É exatamente aqui que está a grande chave da questão, visto que a possibilidade de que a representação pecuniária dos direitos trabalhistas pode ser objeto de transação, no âmbito do poder judiciário, torna tal direito renunciável, e, portanto, arbitrável.

Contudo, tal possibilidade precisa ser adequada à especificidade dos direitos trabalhistas e, sobretudo, ao momento em que o direito passa ser analisado sob a ótica pecuniária. Assim sendo, a existência de uma cláusula compromissória em um contrato de trabalho assinado no momento da contratação ou durante o período trabalhado, mostrar-se-ia como nula, visto que se estaria pactuando a arbitragem a respeito de direito indisponível.

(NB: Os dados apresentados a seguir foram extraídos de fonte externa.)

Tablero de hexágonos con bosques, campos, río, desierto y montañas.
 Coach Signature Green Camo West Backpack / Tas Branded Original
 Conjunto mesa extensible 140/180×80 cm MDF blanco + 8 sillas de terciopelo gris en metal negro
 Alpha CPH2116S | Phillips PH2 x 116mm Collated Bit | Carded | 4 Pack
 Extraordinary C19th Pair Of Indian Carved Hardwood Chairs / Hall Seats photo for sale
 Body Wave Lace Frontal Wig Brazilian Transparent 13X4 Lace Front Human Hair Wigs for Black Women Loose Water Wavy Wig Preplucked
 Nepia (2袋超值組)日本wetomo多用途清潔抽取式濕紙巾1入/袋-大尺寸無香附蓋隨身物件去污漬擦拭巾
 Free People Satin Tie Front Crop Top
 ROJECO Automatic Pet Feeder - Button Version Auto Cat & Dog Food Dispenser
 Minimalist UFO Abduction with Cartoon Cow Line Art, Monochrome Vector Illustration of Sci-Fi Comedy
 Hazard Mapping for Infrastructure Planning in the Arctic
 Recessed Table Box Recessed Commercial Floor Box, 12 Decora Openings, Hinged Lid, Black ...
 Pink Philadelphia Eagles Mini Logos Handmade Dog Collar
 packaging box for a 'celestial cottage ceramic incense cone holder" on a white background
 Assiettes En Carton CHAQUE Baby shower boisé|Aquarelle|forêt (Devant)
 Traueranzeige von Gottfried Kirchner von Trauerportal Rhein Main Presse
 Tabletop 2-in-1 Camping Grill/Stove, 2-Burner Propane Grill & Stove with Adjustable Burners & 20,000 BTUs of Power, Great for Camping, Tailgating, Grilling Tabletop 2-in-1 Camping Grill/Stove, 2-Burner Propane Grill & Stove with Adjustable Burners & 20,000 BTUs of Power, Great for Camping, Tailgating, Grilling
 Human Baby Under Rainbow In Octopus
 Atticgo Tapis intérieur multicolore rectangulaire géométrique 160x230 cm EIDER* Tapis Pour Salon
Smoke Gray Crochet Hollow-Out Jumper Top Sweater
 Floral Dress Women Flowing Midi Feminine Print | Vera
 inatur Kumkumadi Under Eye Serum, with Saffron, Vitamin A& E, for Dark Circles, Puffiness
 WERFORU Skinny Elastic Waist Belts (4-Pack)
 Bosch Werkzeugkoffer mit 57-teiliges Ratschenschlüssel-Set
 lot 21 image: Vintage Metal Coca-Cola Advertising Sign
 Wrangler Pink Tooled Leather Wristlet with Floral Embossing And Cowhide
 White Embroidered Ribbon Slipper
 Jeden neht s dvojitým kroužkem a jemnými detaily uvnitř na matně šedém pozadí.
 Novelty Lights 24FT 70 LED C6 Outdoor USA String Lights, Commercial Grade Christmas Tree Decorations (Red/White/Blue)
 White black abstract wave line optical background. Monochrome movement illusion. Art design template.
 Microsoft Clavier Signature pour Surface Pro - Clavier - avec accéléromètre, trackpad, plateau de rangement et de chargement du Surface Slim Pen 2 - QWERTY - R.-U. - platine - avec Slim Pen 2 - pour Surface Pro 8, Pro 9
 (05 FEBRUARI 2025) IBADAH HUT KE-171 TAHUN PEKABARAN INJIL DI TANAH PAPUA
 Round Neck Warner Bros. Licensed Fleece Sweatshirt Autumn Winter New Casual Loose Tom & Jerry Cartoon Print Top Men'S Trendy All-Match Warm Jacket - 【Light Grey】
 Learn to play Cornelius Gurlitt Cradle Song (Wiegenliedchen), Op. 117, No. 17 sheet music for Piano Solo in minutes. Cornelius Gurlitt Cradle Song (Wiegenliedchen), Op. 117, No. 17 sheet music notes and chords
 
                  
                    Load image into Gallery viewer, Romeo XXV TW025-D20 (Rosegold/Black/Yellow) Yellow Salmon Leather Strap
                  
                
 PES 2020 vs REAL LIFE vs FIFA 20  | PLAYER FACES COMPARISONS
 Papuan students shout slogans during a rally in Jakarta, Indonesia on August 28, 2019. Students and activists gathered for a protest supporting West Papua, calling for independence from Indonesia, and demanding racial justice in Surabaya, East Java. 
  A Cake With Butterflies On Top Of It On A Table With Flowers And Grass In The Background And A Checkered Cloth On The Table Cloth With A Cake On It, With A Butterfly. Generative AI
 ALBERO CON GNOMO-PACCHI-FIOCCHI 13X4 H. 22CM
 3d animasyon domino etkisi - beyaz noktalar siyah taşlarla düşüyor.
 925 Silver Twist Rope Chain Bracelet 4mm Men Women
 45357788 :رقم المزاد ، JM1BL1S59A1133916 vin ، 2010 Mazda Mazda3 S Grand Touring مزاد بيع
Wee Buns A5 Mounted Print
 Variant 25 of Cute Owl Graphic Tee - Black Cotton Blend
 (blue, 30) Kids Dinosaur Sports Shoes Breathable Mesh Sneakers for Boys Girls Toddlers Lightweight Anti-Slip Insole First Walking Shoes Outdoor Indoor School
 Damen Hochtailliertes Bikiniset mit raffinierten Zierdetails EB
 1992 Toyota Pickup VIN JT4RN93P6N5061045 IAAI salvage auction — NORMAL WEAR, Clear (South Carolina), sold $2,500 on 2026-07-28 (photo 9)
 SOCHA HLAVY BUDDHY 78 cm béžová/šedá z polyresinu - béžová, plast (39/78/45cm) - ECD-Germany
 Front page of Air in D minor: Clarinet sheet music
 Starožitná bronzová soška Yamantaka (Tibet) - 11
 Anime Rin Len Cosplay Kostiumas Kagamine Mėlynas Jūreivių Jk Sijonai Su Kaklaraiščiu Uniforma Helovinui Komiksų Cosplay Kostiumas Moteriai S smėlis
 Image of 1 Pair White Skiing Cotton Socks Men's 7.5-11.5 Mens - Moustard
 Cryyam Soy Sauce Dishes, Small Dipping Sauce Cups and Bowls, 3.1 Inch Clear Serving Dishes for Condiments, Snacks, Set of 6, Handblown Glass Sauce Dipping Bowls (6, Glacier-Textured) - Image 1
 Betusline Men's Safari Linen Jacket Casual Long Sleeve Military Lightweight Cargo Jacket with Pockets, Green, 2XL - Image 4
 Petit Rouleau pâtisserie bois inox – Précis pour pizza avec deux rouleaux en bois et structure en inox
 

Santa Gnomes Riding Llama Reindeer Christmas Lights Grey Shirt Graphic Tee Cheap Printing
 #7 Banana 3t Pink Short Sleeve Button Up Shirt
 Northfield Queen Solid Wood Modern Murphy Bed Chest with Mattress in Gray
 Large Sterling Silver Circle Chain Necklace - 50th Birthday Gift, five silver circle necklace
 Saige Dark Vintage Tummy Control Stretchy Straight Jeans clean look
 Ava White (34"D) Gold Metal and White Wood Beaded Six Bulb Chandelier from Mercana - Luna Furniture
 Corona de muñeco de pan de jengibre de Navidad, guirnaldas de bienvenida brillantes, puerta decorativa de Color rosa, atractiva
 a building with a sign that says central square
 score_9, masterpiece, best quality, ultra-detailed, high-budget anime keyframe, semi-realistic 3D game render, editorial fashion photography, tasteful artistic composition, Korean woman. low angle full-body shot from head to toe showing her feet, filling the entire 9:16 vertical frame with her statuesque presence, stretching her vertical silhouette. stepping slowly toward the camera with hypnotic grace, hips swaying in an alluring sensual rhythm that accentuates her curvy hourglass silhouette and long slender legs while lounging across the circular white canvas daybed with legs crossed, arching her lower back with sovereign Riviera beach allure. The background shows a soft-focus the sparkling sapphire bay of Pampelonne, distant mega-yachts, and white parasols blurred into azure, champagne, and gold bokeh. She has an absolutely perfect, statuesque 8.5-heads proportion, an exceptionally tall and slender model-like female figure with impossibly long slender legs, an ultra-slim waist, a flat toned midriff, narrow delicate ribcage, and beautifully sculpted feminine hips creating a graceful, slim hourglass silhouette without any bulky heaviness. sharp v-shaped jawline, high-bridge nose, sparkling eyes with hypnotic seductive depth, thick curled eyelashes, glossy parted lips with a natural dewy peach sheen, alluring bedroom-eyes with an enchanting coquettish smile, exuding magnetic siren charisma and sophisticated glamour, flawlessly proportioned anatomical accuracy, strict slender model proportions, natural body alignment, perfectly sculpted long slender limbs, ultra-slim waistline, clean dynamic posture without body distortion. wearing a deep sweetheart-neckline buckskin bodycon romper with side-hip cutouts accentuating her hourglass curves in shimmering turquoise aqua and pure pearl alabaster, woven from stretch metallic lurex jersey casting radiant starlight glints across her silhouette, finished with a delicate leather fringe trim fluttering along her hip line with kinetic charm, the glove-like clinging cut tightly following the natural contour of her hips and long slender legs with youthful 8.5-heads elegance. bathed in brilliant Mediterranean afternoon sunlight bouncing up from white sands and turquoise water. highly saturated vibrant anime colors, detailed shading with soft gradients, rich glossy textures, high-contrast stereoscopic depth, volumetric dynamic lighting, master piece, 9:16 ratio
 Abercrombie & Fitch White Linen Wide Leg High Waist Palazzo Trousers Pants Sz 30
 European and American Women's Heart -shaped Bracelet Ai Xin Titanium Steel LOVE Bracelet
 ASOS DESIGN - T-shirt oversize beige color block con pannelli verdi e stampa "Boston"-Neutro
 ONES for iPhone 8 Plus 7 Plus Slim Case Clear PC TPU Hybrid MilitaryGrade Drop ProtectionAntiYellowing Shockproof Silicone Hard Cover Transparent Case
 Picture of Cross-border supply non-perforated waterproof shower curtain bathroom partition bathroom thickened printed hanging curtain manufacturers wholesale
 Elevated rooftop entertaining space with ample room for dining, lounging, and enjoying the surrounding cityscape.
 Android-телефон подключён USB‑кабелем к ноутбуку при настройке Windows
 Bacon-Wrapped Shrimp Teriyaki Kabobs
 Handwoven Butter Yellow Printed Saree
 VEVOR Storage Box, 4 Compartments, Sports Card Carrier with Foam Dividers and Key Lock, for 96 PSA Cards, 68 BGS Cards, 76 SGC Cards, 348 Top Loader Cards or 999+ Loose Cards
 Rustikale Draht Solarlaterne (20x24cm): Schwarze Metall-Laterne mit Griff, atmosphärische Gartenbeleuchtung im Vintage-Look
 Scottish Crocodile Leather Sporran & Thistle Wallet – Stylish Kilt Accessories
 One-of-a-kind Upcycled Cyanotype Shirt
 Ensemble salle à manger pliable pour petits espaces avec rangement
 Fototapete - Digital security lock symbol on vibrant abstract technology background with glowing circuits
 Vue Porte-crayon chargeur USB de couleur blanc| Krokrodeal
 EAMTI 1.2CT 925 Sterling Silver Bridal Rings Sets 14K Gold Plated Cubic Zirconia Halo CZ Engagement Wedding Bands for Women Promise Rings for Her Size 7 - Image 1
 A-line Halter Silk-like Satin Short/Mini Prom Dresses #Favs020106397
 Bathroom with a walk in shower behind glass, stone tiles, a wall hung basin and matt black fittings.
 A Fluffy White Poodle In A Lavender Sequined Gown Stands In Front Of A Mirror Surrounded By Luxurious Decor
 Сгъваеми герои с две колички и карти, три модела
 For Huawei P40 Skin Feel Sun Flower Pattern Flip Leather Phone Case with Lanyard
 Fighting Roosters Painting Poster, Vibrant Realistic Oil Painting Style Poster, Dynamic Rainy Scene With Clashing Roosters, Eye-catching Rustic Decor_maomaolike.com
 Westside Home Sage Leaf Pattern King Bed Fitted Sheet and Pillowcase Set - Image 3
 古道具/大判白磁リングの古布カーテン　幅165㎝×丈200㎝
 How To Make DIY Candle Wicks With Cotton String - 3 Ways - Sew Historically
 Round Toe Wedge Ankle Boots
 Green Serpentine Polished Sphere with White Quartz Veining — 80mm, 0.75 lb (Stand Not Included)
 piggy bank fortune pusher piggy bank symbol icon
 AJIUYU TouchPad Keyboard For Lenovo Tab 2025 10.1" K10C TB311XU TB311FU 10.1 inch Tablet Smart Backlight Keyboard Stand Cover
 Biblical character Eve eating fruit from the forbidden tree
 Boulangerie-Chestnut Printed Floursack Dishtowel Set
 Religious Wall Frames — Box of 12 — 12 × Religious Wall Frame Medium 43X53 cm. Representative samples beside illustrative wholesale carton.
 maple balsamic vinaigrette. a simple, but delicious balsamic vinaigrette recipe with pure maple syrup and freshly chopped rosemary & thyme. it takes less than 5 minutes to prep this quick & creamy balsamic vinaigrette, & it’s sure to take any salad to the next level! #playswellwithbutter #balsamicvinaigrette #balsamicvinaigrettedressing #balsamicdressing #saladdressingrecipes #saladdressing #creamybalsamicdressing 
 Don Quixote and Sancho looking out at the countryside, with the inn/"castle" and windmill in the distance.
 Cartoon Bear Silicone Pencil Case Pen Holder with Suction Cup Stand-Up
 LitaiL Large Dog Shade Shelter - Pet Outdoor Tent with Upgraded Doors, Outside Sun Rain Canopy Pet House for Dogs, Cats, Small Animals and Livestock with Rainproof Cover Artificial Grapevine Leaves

De outro lado, a celebração de um compromisso arbitral, entre empregador e empregado, rescindido o contrato de trabalho, momento em que os direitos trabalhistas ganham clara feição pecuniária – o que autoriza sejam livremente negociados até mesmo no âmbito do Poder Judiciário –não há nenhuma justifica lógico-jurídica para que se advogue de maneira contrária à aplicação do instituto.

O momento em que a arbitragem é pactuada é de suma importância para sua validade no âmbito trabalhista, visto que sua pactuação anterior à extinção do contrato pode dar azo a abusos por parte do empregador, que fazendo uso de seu poder econômico obrigasse o trabalhar a aceitar tal pactuação. Dutro giro, sua celebração depois de extinto o contrato, momento em que a perda do emprego não mais existe, se mostra como legitima a escolha livremente realizada pelo empregado, possibilitando a utilização da arbitragem.

A questão, contudo, ainda é espinhosa, pois o TST não demonstrou posicionamento pacífico a respeito da questão, ao revés, possui julgados antagônicos, ora reconhecendo a validade da sentença arbitral proferida em casos individuais de trabalho, ora rechaçando tal validade.

Em face desta incerteza, ainda tenho aconselhado meus clientes a não se utilizarem do instituto nestas hipóteses, mas tenho a expectativa de que o bom senso fale mais alto e, em um futuro próximo, seja reconhecida de forma irrefutável sua validade.